The truth is that the brain can't handle multitasking. What really happens when we are trying to kill two (or more) birds with one stone is that our brain switches among tasks instead of processing them. We can talk and wash dishes or walk at the same time without a problem, but these activities are "highly practiced skills" and we don't think have to think while doing them. Other, not practiced skills need concentration and effort from our side. That's why it is more likely that we make mistakes while both writing e-mail to the client and using messenger to chat with the colleague from other agency . In fact multitasking doubles or triples the time or more to get the tasks finished than if we were done them sequentially, one after another.

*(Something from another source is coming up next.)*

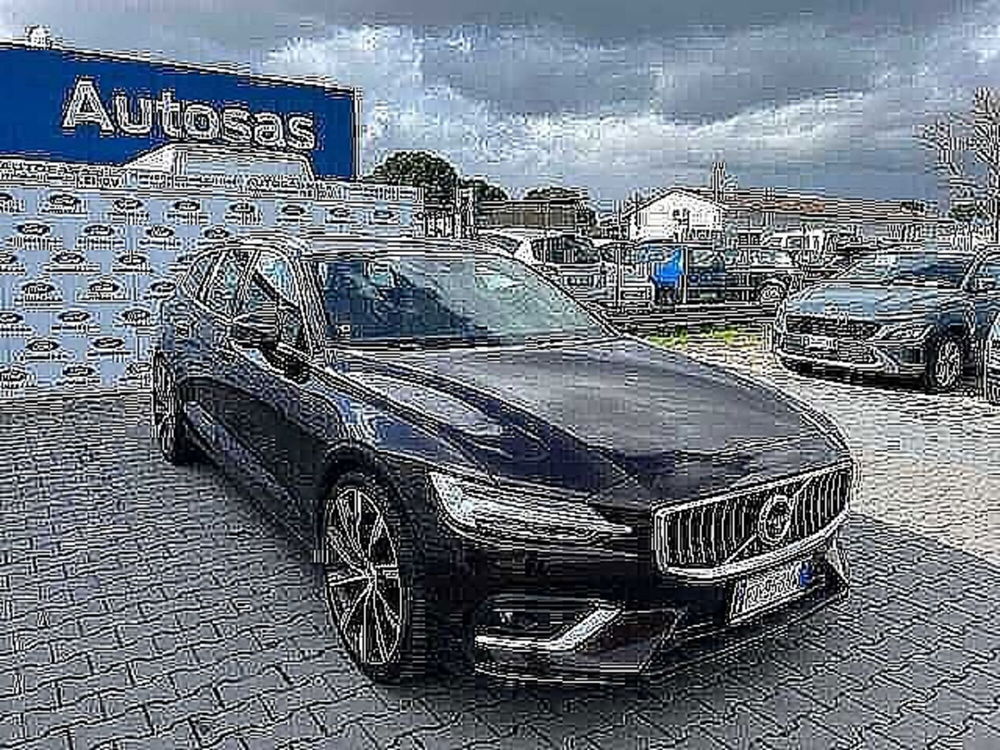 Volvo V60 usata a Firenze (10)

Our brain has its limitations for processing information while we multitask.
Another interesting finding is that brain stimulation is bell shaped. Just think about all those times while you were sitting with the important presentation, that should be finished tomorrow before lunch. The more coffee you drink the more stressed you get and in the end you lose it. It can be your presentation is done but this will not be the best job you ever done. The less stimulation can boost performance of the brain but too much of it can be too stressful to it.
Multitasking isn't healthy for our brain and sooner or later it will say stop. We take our brain for granted. When we strain the muscles too much they will ache, the brain won't make us feel the pain in such a direct way.
We should never forget that the brain also needs time for relaxation and doing nothing (actually doing nothing is important for memory processing).
So be more friendly for your brain Guys! And if you would like to learn more about that fantastic organ we have, watch the movie :-)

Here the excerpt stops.